**Task item**
The answer must consist of the entire listing, repeated exactly.

**Supplied records**

-.-.-

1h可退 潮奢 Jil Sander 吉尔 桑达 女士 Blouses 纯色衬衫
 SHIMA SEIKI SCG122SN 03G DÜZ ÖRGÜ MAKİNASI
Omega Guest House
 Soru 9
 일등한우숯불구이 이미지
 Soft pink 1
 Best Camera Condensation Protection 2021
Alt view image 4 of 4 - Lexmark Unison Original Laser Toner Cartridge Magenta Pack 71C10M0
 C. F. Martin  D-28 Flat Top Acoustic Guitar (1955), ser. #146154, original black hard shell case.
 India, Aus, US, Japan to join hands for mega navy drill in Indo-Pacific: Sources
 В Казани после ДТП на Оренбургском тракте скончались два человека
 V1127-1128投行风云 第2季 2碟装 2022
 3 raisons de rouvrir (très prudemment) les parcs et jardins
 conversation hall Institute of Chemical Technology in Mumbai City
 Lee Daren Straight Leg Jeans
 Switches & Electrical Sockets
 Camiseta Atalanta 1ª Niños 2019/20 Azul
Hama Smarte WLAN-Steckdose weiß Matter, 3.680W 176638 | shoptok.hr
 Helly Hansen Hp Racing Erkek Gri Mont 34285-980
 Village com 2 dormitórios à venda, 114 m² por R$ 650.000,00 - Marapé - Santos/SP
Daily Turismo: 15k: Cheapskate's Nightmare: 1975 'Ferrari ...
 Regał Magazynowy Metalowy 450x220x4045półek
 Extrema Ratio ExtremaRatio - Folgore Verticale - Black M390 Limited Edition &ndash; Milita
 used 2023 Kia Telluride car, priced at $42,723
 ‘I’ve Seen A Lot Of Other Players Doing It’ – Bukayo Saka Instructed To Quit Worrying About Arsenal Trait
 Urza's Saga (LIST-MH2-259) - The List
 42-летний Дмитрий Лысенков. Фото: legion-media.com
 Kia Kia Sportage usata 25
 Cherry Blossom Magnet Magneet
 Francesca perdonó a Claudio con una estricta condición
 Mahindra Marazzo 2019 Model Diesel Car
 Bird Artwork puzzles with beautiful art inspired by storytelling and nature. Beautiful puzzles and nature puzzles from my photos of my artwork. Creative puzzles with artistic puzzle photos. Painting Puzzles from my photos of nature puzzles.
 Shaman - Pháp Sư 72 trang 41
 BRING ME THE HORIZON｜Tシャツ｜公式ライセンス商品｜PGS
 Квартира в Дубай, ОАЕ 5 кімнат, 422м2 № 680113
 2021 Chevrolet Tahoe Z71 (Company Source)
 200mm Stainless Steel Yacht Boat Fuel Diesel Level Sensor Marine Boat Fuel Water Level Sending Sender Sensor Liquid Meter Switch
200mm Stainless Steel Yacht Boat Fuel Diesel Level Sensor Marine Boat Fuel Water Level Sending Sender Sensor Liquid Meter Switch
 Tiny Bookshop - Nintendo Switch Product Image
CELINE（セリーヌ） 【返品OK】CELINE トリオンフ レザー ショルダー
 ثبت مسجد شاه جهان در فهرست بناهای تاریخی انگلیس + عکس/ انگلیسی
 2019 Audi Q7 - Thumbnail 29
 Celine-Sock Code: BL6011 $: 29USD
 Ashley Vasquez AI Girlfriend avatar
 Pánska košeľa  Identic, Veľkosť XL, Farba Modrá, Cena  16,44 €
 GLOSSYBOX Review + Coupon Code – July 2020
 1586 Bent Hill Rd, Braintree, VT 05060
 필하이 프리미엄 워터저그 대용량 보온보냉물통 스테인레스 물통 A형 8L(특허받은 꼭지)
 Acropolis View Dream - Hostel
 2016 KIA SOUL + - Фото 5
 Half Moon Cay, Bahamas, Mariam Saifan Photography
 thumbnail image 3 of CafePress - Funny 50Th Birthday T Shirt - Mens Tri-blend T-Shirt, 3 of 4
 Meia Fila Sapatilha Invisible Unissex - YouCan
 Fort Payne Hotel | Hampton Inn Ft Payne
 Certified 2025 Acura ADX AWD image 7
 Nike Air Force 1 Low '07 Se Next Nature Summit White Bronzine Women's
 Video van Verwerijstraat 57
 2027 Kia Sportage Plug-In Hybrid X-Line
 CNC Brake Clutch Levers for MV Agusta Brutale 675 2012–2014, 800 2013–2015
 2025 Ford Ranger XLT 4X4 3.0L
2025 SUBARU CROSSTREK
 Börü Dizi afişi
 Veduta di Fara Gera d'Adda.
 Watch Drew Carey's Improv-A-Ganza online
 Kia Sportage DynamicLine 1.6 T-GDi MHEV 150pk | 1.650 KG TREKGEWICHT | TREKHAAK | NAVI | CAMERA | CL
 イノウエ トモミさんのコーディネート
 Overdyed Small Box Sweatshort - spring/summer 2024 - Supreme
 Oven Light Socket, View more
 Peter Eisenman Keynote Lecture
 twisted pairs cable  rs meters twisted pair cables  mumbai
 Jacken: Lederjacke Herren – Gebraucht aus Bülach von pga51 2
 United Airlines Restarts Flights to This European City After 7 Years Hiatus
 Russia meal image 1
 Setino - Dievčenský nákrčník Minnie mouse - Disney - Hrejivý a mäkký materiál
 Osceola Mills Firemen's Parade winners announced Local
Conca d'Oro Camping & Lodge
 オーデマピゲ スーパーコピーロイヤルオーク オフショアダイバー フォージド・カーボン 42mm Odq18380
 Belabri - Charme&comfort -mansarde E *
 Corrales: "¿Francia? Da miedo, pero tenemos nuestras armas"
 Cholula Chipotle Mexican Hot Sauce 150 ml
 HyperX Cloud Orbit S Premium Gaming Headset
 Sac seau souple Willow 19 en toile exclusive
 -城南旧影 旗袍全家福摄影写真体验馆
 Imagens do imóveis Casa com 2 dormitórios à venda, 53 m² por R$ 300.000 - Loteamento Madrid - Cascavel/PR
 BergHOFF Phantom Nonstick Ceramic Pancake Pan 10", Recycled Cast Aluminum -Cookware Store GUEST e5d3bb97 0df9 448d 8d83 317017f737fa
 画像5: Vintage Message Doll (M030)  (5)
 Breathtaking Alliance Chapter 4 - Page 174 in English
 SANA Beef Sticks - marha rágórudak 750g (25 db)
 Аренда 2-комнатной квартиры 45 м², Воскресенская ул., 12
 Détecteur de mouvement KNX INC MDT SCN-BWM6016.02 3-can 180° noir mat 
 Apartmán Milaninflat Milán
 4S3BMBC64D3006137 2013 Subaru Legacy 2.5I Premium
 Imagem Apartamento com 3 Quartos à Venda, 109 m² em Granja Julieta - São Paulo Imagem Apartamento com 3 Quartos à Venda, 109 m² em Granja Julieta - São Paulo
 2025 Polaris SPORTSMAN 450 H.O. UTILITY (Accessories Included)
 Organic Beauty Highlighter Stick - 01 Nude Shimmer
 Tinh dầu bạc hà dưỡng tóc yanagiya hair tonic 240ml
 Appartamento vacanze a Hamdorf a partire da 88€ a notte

-.-.-

**Reply**
1h可退 潮奢 Jil Sander 吉尔 桑达 女士 Blouses 纯色衬衫
 SHIMA SEIKI SCG122SN 03G DÜZ ÖRGÜ MAKİNASI
Omega Guest House
 Soru 9
 일등한우숯불구이 이미지
 Soft pink 1
 Best Camera Condensation Protection 2021
Alt view image 4 of 4 - Lexmark Unison Original Laser Toner Cartridge Magenta Pack 71C10M0
 C. F. Martin  D-28 Flat Top Acoustic Guitar (1955), ser. #146154, original black hard shell case.
 India, Aus, US, Japan to join hands for mega navy drill in Indo-Pacific: Sources
 В Казани после ДТП на Оренбургском тракте скончались два человека
 V1127-1128投行风云 第2季 2碟装 2022
 3 raisons de rouvrir (très prudemment) les parcs et jardins
 conversation hall Institute of Chemical Technology in Mumbai City
 Lee Daren Straight Leg Jeans
 Switches & Electrical Sockets
 Camiseta Atalanta 1ª Niños 2019/20 Azul
Hama Smarte WLAN-Steckdose weiß Matter, 3.680W 176638 | shoptok.hr
 Helly Hansen Hp Racing Erkek Gri Mont 34285-980
 Village com 2 dormitórios à venda, 114 m² por R$ 650.000,00 - Marapé - Santos/SP
Daily Turismo: 15k: Cheapskate's Nightmare: 1975 'Ferrari ...
 Regał Magazynowy Metalowy 450x220x4045półek
 Extrema Ratio ExtremaRatio - Folgore Verticale - Black M390 Limited Edition &ndash; Milita
 used 2023 Kia Telluride car, priced at $42,723
 ‘I’ve Seen A Lot Of Other Players Doing It’ – Bukayo Saka Instructed To Quit Worrying About Arsenal Trait
 Urza's Saga (LIST-MH2-259) - The List
 42-летний Дмитрий Лысенков. Фото: legion-media.com
 Kia Kia Sportage usata 25
 Cherry Blossom Magnet Magneet
 Francesca perdonó a Claudio con una estricta condición
 Mahindra Marazzo 2019 Model Diesel Car
 Bird Artwork puzzles with beautiful art inspired by storytelling and nature. Beautiful puzzles and nature puzzles from my photos of my artwork. Creative puzzles with artistic puzzle photos. Painting Puzzles from my photos of nature puzzles.
 Shaman - Pháp Sư 72 trang 41
 BRING ME THE HORIZON｜Tシャツ｜公式ライセンス商品｜PGS
 Квартира в Дубай, ОАЕ 5 кімнат, 422м2 № 680113
 2021 Chevrolet Tahoe Z71 (Company Source)
 200mm Stainless Steel Yacht Boat Fuel Diesel Level Sensor Marine Boat Fuel Water Level Sending Sender Sensor Liquid Meter Switch
200mm Stainless Steel Yacht Boat Fuel Diesel Level Sensor Marine Boat Fuel Water Level Sending Sender Sensor Liquid Meter Switch
 Tiny Bookshop - Nintendo Switch Product Image
CELINE（セリーヌ） 【返品OK】CELINE トリオンフ レザー ショルダー
 ثبت مسجد شاه جهان در فهرست بناهای تاریخی انگلیس + عکس/ انگلیسی
 2019 Audi Q7 - Thumbnail 29
 Celine-Sock Code: BL6011 $: 29USD
 Ashley Vasquez AI Girlfriend avatar
 Pánska košeľa  Identic, Veľkosť XL, Farba Modrá, Cena  16,44 €
 GLOSSYBOX Review + Coupon Code – July 2020
 1586 Bent Hill Rd, Braintree, VT 05060
 필하이 프리미엄 워터저그 대용량 보온보냉물통 스테인레스 물통 A형 8L(특허받은 꼭지)
 Acropolis View Dream - Hostel
 2016 KIA SOUL + - Фото 5
 Half Moon Cay, Bahamas, Mariam Saifan Photography
 thumbnail image 3 of CafePress - Funny 50Th Birthday T Shirt - Mens Tri-blend T-Shirt, 3 of 4
 Meia Fila Sapatilha Invisible Unissex - YouCan
 Fort Payne Hotel | Hampton Inn Ft Payne
 Certified 2025 Acura ADX AWD image 7
 Nike Air Force 1 Low '07 Se Next Nature Summit White Bronzine Women's
 Video van Verwerijstraat 57
 2027 Kia Sportage Plug-In Hybrid X-Line
 CNC Brake Clutch Levers for MV Agusta Brutale 675 2012–2014, 800 2013–2015
 2025 Ford Ranger XLT 4X4 3.0L
2025 SUBARU CROSSTREK
 Börü Dizi afişi
 Veduta di Fara Gera d'Adda.
 Watch Drew Carey's Improv-A-Ganza online
 Kia Sportage DynamicLine 1.6 T-GDi MHEV 150pk | 1.650 KG TREKGEWICHT | TREKHAAK | NAVI | CAMERA | CL
 イノウエ トモミさんのコーディネート
 Overdyed Small Box Sweatshort - spring/summer 2024 - Supreme
 Oven Light Socket, View more
 Peter Eisenman Keynote Lecture
 twisted pairs cable  rs meters twisted pair cables  mumbai
 Jacken: Lederjacke Herren – Gebraucht aus Bülach von pga51 2
 United Airlines Restarts Flights to This European City After 7 Years Hiatus
 Russia meal image 1
 Setino - Dievčenský nákrčník Minnie mouse - Disney - Hrejivý a mäkký materiál
 Osceola Mills Firemen's Parade winners announced Local
Conca d'Oro Camping & Lodge
 オーデマピゲ スーパーコピーロイヤルオーク オフショアダイバー フォージド・カーボン 42mm Odq18380
 Belabri - Charme&comfort -mansarde E *
 Corrales: "¿Francia? Da miedo, pero tenemos nuestras armas"
 Cholula Chipotle Mexican Hot Sauce 150 ml
 HyperX Cloud Orbit S Premium Gaming Headset
 Sac seau souple Willow 19 en toile exclusive
 -城南旧影 旗袍全家福摄影写真体验馆
 Imagens do imóveis Casa com 2 dormitórios à venda, 53 m² por R$ 300.000 - Loteamento Madrid - Cascavel/PR
 BergHOFF Phantom Nonstick Ceramic Pancake Pan 10", Recycled Cast Aluminum -Cookware Store GUEST e5d3bb97 0df9 448d 8d83 317017f737fa
 画像5: Vintage Message Doll (M030)  (5)
 Breathtaking Alliance Chapter 4 - Page 174 in English
 SANA Beef Sticks - marha rágórudak 750g (25 db)
 Аренда 2-комнатной квартиры 45 м², Воскресенская ул., 12
 Détecteur de mouvement KNX INC MDT SCN-BWM6016.02 3-can 180° noir mat 
 Apartmán Milaninflat Milán
 4S3BMBC64D3006137 2013 Subaru Legacy 2.5I Premium
 Imagem Apartamento com 3 Quartos à Venda, 109 m² em Granja Julieta - São Paulo Imagem Apartamento com 3 Quartos à Venda, 109 m² em Granja Julieta - São Paulo
 2025 Polaris SPORTSMAN 450 H.O. UTILITY (Accessories Included)
 Organic Beauty Highlighter Stick - 01 Nude Shimmer
 Tinh dầu bạc hà dưỡng tóc yanagiya hair tonic 240ml
 Appartamento vacanze a Hamdorf a partire da 88€ a notte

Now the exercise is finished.